- _Task instructions_: Scan the data beneath this task and copy each line that includes "Marbella".

* * * * * * * * *

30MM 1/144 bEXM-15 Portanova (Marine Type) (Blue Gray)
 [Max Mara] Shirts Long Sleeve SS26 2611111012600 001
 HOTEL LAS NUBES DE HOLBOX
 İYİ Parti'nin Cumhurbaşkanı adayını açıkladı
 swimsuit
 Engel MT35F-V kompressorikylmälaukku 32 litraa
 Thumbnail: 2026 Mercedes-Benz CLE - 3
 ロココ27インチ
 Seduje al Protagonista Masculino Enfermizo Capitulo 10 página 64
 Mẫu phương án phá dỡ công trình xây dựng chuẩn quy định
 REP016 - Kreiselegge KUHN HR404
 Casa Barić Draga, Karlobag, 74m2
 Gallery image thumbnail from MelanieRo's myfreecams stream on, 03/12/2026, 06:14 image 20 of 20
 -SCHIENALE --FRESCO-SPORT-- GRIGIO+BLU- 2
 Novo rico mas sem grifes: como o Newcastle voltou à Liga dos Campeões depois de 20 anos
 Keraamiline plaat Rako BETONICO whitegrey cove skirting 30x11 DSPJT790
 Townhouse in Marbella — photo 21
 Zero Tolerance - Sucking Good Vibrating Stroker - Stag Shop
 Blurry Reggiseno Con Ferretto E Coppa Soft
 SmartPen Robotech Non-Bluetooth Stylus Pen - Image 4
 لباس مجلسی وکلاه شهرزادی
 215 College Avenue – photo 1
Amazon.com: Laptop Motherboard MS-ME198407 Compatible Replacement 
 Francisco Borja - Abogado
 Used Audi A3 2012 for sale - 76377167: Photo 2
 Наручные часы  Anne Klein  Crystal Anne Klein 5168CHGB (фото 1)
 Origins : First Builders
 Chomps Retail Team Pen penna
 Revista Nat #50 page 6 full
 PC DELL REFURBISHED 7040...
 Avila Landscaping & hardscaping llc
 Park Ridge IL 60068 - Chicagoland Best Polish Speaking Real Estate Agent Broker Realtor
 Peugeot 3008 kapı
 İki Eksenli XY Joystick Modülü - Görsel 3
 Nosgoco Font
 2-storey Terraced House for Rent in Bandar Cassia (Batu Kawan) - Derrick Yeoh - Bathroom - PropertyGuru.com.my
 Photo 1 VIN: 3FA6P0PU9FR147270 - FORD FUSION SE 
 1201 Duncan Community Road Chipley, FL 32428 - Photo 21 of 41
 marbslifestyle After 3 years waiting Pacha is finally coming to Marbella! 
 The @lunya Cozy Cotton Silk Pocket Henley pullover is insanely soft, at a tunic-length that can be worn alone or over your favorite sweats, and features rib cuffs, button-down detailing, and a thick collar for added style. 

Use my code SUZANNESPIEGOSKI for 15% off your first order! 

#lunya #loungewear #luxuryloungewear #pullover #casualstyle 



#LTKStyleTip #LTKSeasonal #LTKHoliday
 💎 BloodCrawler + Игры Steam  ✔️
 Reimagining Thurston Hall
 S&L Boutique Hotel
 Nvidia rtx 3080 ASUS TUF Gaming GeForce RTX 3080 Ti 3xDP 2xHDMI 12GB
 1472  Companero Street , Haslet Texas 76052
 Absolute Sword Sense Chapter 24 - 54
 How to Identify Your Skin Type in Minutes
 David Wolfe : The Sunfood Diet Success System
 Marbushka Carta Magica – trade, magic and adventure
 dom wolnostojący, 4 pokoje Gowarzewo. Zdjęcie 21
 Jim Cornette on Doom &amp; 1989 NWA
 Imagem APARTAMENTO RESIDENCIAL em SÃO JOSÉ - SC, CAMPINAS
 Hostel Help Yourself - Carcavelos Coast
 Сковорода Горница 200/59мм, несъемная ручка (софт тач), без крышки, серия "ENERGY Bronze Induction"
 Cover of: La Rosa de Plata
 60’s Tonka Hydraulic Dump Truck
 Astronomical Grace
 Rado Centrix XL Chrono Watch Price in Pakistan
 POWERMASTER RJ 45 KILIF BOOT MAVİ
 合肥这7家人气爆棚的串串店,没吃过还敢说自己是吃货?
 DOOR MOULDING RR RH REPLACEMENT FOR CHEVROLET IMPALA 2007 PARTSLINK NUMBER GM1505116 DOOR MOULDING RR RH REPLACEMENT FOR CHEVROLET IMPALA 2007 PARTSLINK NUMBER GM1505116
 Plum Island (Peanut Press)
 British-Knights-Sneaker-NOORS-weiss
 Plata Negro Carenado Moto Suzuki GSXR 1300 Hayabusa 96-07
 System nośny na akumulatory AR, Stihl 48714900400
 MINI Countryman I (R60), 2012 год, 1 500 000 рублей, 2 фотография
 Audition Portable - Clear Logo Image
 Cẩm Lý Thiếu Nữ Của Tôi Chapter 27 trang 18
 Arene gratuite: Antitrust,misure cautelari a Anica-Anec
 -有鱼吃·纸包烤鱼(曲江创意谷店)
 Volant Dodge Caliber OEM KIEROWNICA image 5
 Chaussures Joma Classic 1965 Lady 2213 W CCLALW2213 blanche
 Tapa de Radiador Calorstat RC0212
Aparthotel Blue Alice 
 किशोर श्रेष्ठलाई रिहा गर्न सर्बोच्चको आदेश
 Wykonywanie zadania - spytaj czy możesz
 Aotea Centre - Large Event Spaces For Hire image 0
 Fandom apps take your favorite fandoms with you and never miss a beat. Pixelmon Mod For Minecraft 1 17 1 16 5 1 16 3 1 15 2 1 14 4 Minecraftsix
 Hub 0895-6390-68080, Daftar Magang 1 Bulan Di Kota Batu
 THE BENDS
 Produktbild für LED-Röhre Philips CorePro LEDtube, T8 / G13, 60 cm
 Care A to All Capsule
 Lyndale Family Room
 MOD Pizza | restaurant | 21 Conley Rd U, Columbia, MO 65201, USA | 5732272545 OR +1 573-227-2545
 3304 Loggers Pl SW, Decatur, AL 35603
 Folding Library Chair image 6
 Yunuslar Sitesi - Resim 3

* * * * * * * * *

- _Your solution_:
 Townhouse in Marbella — photo 21
 marbslifestyle After 3 years waiting Pacha is finally coming to Marbella! 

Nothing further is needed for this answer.